ANALYSIS: The recent controversy surrounding the rejection and withdrawal of several nominees for the Control Yuan and the Examination Yuan reflects President Ma Ying-jeou’s (馬英九) problematic leadership and stems from conflict within the pan-blue camp, analysts said.
The Chinese Nationalist Party (KMT)-dominated legislature rejected Ma’s nominee for vice president of the Control Yuan, Shen Fu-hsiung (沈富雄), a former Democratic Progressive Party (DPP) lawmaker, and three other nominees last week.
The KMT caucus further challenged the qualifications and pro-DPP background of Chang Chun-yen (張俊彥), Ma’s nominee for the position of Examination Yuan president, and had threatened to veto his nomination before he announced his withdrawal from the nomination process last Saturday.
“The legislature’s rejection of Ma’s nominees has nothing to do with government performance and everything to do with Ma’s leadership style. He is too arrogant to communicate with legislators,” said Shih Cheng-feng (施正鋒), dean of National Dong Hwa University’s College of Indigenous Studies.
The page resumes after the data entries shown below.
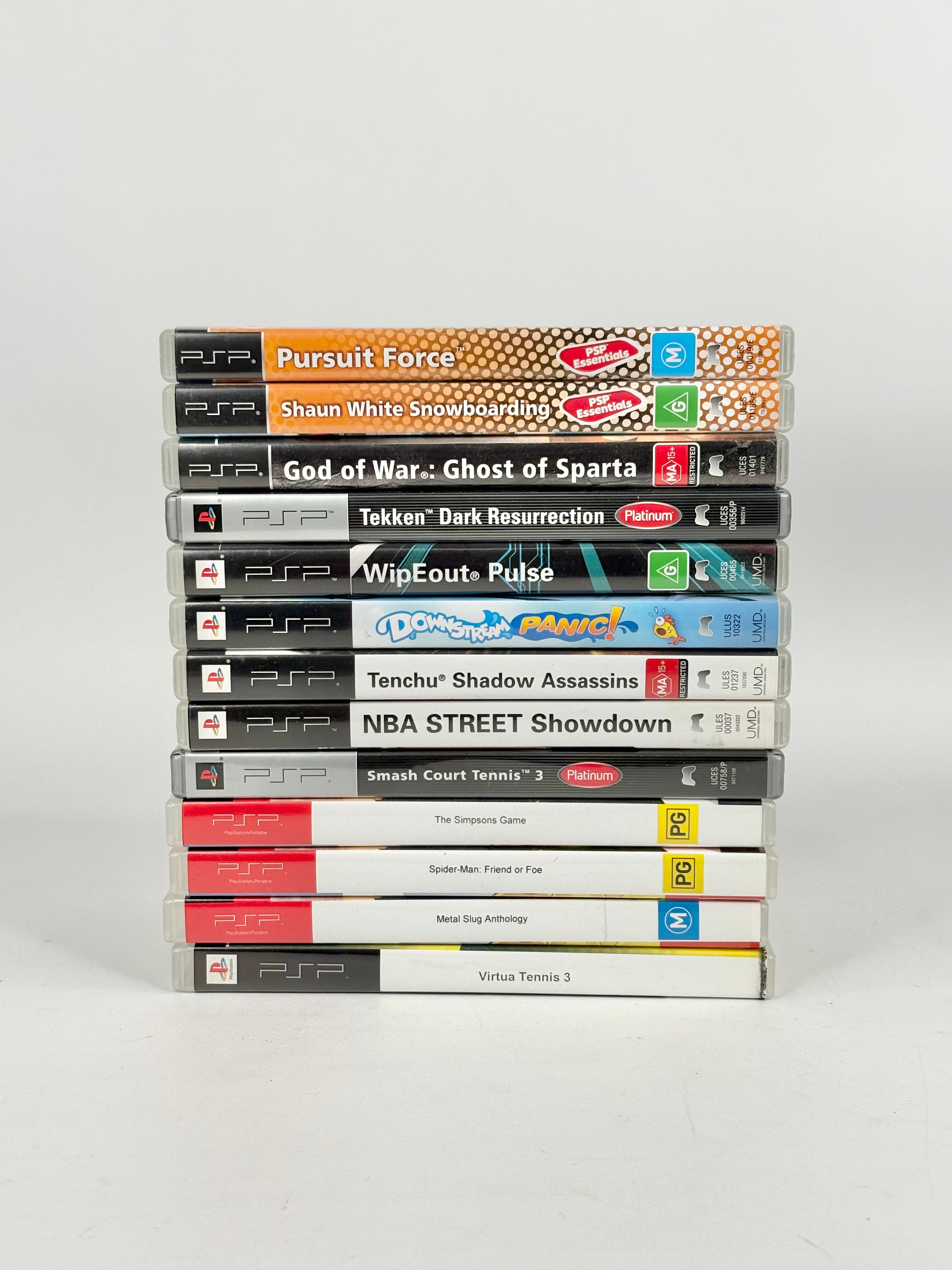 Stack of PSP games on a white background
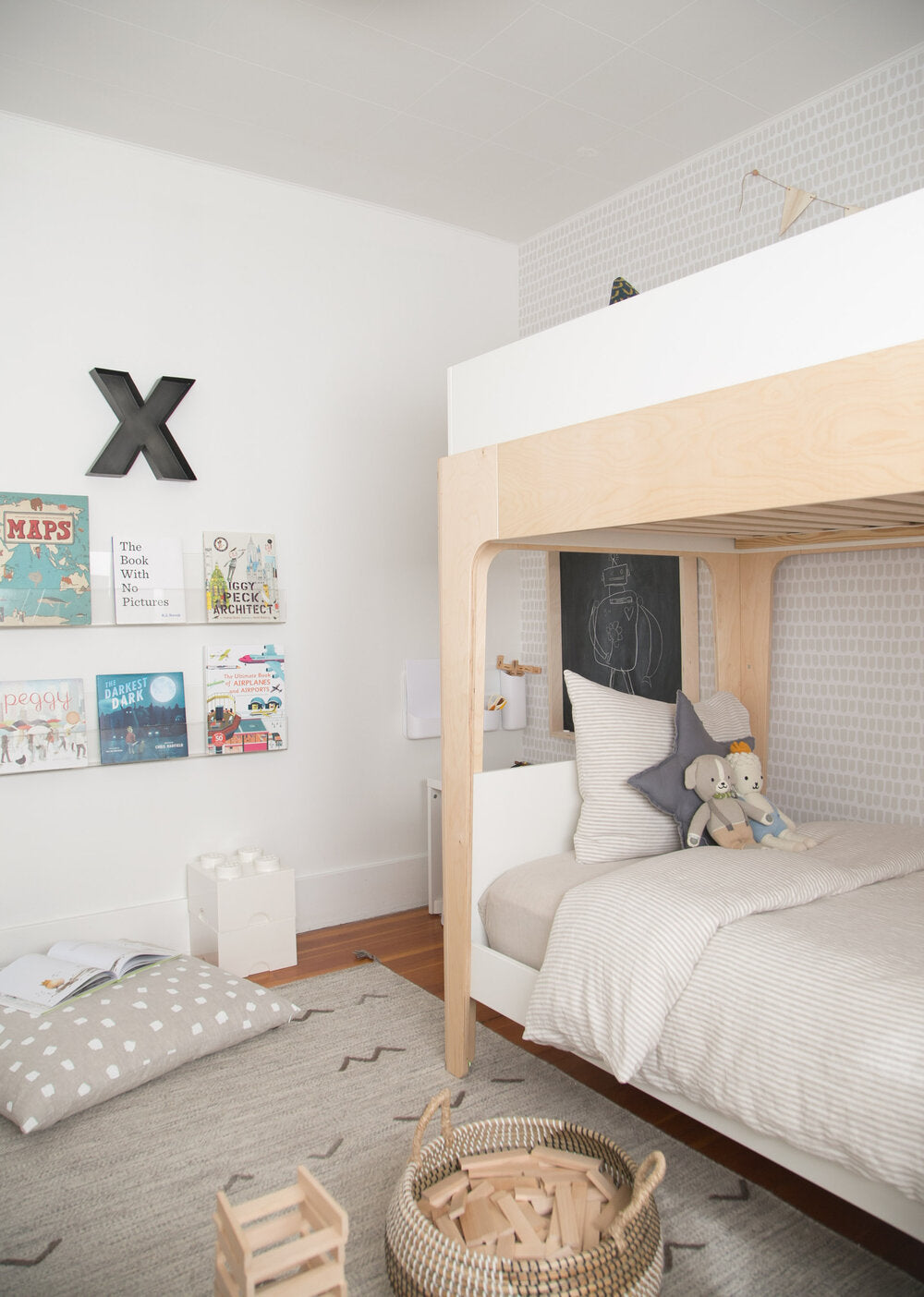 Boys room interior with floating book wall, wood bunk bed, light removable wallpaper and grey color area rug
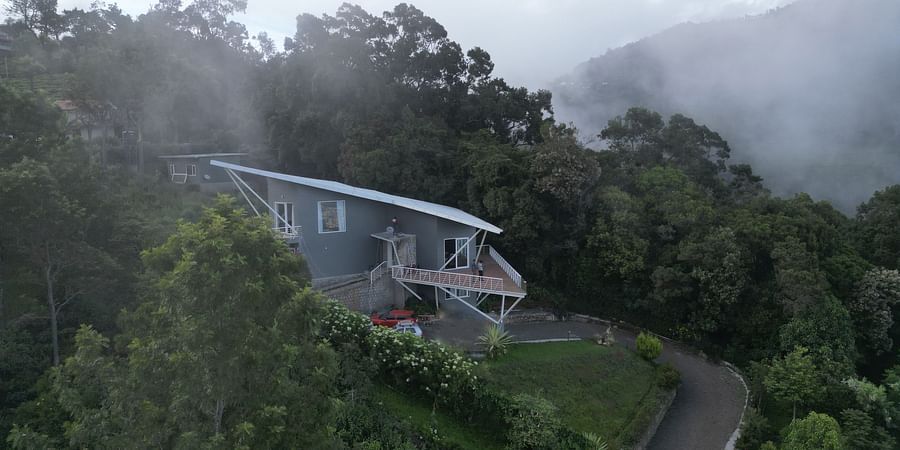 Angled view of a modern house overlooking a scenic coastal landscape with greenery Ibex Resorts, Coonoor (Tapas).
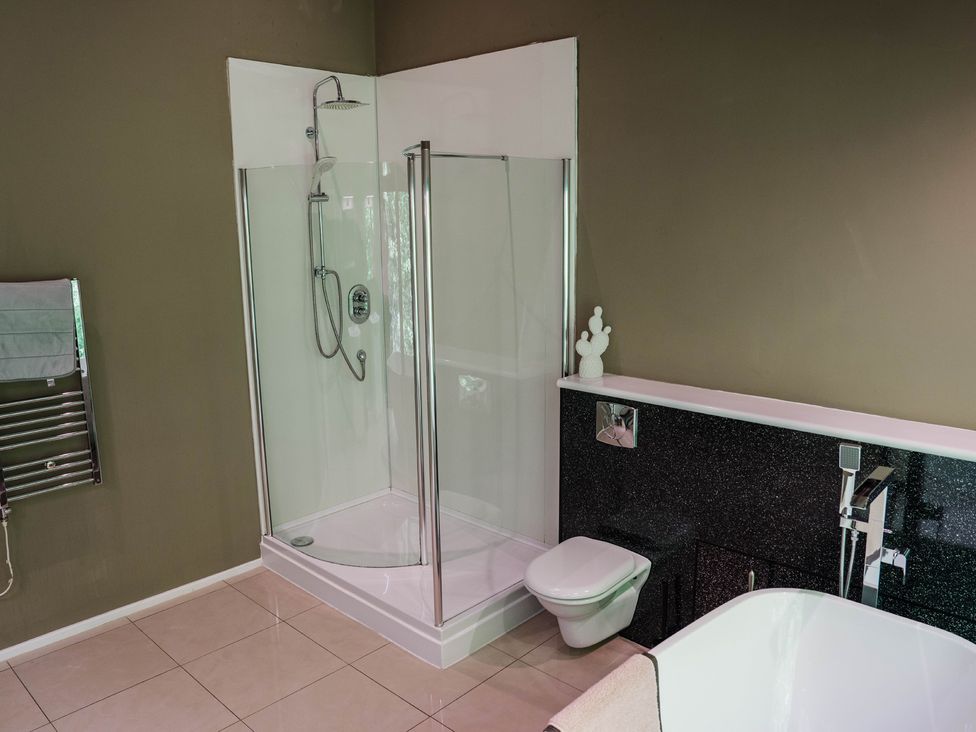 A bathroom with a shower, toilet, and bathtub at The Heronry in Longtown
Shih said Ma did not consult the KMT and its legislative caucus before presenting the lists and failed to reach across party affiliations when choosing his nominees
Although Shen and another Control Yuan nominee, Chen Yao-chang (陳耀昌), were both pan-green, they were not endorsed by the DPP because of their harsh criticism of the party in the past, Shih said.
Several KMT legislators who had left the People First Party (PFP) to join the KMT were also upset about the nominations, as Ma chose Wang Chien-shien, a New Party member, over PFP Chairman James Soong (宋楚瑜) as his candidate for Control Yuan president.
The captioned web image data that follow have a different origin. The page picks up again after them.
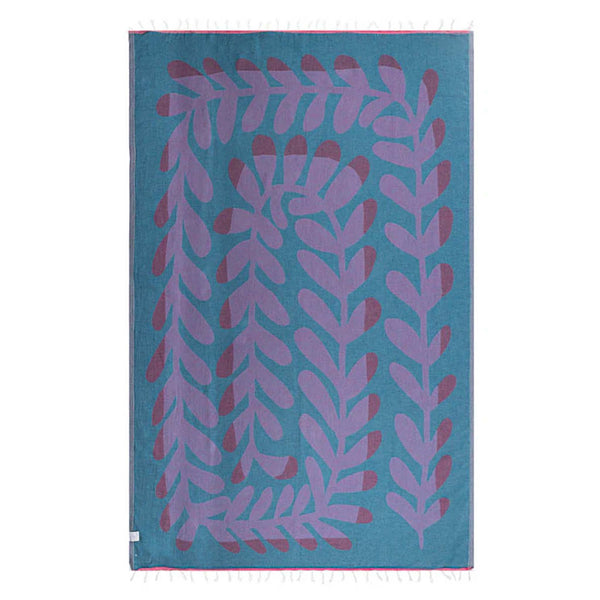 Large Fuchsia and Blue Kelp Swirl Sand Cloud Towel shown on a white background.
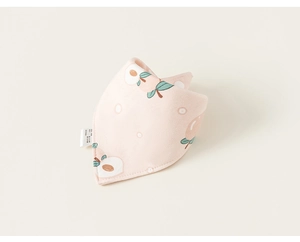 Détail d'un bavoir bébé en coton rose clair avec motifs de pêches et texture douce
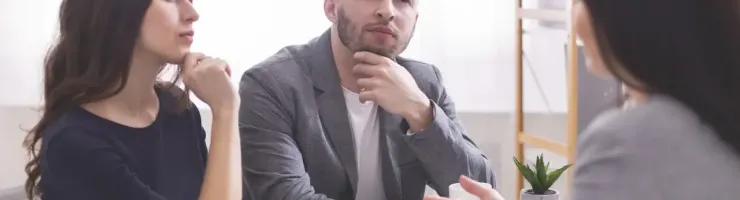 Un couple en train d'être conseiller par une femme.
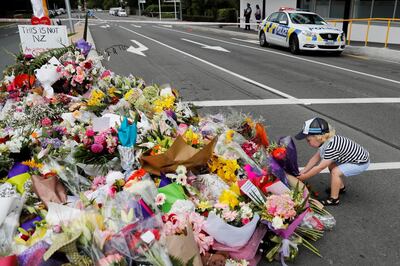 A boy places flowers at a memorial as a tribute to victims of the mosque attacks, near a police line outside Masjid Al Noor in Christchurch, New Zealand, March 16, 2019. REUTERS/Jorge Silva     TPX IMAGES OF THE DAY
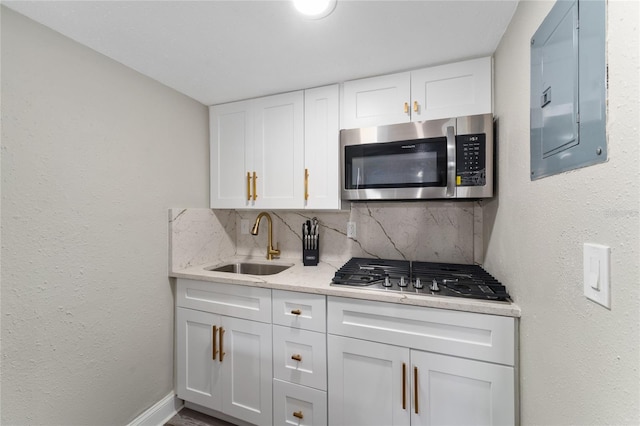 kitchen featuring electric panel, sink, tasteful backsplash, white cabinetry, and stainless steel appliances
“The Presidential Office did not consult us before presenting the list, therefore it can’t expect us to support all the nominees on the list,” KMT Legislator and former PFP member Lee Hung-chun (李鴻鈞) had said before the voting took place.
Ma’s problematic leadership and apparent snubbing of the KMT and its legislative caucus during the nomination process has widened the rift between him and KMT Chairman Wu Poh-hsiung (吳伯雄) and Legislative Speaker Wang Jin-pyng (王金平), and generated louder complaints from party legislators, who feel that they have been ignored despite their efforts in campaigning for Ma during the presidential election, Shih said, urging Ma to make compromises in the nominations.
“Ma should understand the art of give-and-take in politics and be more generous in giving some of the positions to Wu, Wang and Soong’s people,” he said.
Political analyst Wang Kung-yi (王崑義), a professor at National Taiwan Ocean University, said the KMT has been mired in endless internal disputes since taking power, and warned that Ma could face more challenges from within his own party, as the KMT’s old guard, led by Wu, Wang and former chairman Lien Chan (連戰), was adopting a hostile position toward him.
Although the KMT caucus’ rejection of several nominees could damage Ma’s authority, Wang Kun-yi said, the KMT old guard would not threaten him, dismissing KMT legislators’ criticism as the mere venting of frustrations.
“If Ma wanted to take over the KMT chairmanship, nobody in the pan-blue camp, including Wu, would be able to stop him,” he said.
Lee Shiao-feng (李筱峰), a professor of Taiwanese history at Shih Hsin University, said the KMT caucus took advantage of the voting on Control Yuan and Examination Yuan nominees to show that the caucus would continue to monitor the government.
“The nomination of the two government bodies does not involve major policymaking ... I think the KMT will still be supportive of Ma at critical moments,” he said.